» PROBLEM TO SOLVE
The required output is the line with "Le maire de" through the final line of the entries, each one exactly as it stands.

* * * * * * * * *

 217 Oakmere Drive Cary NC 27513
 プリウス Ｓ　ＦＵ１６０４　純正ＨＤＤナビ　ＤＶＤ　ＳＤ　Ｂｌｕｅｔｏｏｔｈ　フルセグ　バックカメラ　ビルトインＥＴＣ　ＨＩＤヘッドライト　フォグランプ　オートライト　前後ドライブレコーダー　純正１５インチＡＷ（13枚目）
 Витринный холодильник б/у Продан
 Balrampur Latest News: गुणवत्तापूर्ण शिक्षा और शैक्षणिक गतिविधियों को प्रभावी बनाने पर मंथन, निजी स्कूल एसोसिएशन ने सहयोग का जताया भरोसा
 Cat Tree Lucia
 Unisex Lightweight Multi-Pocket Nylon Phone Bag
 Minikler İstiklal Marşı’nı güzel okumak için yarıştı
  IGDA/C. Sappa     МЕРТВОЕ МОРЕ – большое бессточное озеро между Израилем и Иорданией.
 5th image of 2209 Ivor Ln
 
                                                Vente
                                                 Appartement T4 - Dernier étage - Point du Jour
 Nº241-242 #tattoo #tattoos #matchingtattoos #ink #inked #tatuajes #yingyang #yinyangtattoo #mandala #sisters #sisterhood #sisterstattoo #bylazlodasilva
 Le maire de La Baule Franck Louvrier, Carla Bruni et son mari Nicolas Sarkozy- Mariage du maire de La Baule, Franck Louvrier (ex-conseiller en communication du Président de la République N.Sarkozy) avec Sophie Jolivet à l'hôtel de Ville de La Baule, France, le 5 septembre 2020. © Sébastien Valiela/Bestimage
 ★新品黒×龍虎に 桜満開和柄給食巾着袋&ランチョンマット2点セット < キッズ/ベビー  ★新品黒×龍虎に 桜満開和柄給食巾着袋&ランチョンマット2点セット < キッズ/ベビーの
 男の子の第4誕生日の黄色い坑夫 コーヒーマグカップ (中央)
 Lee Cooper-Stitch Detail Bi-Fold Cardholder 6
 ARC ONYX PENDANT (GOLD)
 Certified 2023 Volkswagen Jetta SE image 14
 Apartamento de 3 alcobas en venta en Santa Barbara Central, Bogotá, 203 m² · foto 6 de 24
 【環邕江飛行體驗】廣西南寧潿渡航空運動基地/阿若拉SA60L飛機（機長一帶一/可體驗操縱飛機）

* * * * * * * * *

» EXPECTED ANSWER
 Le maire de La Baule Franck Louvrier, Carla Bruni et son mari Nicolas Sarkozy- Mariage du maire de La Baule, Franck Louvrier (ex-conseiller en communication du Président de la République N.Sarkozy) avec Sophie Jolivet à l'hôtel de Ville de La Baule, France, le 5 septembre 2020. © Sébastien Valiela/Bestimage
 ★新品黒×龍虎に 桜満開和柄給食巾着袋&ランチョンマット2点セット < キッズ/ベビー  ★新品黒×龍虎に 桜満開和柄給食巾着袋&ランチョンマット2点セット < キッズ/ベビーの
 男の子の第4誕生日の黄色い坑夫 コーヒーマグカップ (中央)
 Lee Cooper-Stitch Detail Bi-Fold Cardholder 6
 ARC ONYX PENDANT (GOLD)
 Certified 2023 Volkswagen Jetta SE image 14
 Apartamento de 3 alcobas en venta en Santa Barbara Central, Bogotá, 203 m² · foto 6 de 24
 【環邕江飛行體驗】廣西南寧潿渡航空運動基地/阿若拉SA60L飛機（機長一帶一/可體驗操縱飛機）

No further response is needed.